Supplied data:
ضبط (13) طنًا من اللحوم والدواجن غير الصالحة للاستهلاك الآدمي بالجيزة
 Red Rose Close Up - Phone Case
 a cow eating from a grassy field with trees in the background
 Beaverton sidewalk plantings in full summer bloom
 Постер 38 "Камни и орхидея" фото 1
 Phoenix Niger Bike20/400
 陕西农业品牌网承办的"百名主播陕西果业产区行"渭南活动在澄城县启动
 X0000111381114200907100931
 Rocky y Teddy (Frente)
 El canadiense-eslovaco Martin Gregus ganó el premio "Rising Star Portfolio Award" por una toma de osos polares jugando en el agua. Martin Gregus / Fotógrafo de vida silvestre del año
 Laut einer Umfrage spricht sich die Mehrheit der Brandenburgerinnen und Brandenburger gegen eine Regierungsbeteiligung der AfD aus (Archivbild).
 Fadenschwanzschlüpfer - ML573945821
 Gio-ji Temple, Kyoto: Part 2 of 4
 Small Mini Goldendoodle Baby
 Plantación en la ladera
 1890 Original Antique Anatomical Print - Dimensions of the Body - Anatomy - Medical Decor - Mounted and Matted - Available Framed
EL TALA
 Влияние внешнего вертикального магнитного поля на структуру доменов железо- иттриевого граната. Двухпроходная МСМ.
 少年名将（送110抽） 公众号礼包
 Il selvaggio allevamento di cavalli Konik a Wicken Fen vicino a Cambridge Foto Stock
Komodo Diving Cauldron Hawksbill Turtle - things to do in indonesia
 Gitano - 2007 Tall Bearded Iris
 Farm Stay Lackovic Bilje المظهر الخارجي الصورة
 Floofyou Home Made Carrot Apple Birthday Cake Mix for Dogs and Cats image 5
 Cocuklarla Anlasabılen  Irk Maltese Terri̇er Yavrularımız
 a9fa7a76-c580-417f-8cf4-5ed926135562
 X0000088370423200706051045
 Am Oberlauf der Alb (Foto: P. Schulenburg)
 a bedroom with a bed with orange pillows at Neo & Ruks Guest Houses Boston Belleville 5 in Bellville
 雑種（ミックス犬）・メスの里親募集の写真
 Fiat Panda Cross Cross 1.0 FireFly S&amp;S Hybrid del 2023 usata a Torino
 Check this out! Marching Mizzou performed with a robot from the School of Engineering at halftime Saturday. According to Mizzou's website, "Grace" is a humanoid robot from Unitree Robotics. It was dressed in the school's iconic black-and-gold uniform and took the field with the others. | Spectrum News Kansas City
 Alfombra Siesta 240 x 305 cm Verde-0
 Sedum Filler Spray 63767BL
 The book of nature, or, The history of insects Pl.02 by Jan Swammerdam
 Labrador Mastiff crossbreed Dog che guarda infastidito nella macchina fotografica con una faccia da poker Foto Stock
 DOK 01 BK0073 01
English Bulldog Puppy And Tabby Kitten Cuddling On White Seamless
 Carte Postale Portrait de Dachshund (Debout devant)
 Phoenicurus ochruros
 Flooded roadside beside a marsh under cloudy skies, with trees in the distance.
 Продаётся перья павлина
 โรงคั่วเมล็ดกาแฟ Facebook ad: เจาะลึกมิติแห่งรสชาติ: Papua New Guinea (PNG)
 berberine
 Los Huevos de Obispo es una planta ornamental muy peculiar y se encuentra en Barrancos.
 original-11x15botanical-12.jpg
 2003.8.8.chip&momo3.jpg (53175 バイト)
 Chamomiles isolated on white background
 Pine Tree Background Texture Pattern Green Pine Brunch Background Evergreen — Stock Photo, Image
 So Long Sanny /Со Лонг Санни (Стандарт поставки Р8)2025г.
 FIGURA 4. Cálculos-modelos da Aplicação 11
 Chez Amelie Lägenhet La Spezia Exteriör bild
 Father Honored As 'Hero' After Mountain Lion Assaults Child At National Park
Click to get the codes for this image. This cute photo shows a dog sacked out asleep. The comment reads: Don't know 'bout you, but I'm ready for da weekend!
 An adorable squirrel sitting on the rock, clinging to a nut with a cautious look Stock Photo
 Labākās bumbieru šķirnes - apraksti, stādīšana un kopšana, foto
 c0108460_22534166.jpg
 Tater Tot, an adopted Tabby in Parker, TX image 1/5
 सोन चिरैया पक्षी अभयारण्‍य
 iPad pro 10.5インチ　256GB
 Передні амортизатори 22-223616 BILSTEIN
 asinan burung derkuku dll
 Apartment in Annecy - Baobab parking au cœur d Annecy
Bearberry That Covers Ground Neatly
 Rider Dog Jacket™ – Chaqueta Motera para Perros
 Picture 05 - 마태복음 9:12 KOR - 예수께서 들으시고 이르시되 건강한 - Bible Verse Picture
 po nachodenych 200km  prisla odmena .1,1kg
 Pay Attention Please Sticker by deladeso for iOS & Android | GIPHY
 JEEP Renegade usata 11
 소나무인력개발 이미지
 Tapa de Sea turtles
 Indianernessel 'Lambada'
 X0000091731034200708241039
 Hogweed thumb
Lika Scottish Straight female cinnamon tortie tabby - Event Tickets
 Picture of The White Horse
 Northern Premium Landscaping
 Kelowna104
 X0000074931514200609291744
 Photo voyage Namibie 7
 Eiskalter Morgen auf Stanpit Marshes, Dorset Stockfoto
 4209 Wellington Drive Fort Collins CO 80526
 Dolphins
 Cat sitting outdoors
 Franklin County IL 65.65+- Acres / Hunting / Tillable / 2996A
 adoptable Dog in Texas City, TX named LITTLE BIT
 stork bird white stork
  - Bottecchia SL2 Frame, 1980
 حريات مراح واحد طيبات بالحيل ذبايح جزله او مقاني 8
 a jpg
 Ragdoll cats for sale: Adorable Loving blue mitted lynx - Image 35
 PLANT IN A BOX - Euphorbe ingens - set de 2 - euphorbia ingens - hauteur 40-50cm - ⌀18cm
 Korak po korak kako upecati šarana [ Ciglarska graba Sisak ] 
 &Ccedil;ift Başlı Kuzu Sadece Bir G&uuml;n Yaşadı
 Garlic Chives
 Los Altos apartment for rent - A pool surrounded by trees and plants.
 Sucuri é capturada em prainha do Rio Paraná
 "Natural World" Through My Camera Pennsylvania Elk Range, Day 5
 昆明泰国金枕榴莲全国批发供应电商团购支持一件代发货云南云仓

Task objective: Reproduce each line of the records in which the word "from" appears.

Solution for this problem:
 a cow eating from a grassy field with trees in the background
 Check this out! Marching Mizzou performed with a robot from the School of Engineering at halftime Saturday. According to Mizzou's website, "Grace" is a humanoid robot from Unitree Robotics. It was dressed in the school's iconic black-and-gold uniform and took the field with the others. | Spectrum News Kansas City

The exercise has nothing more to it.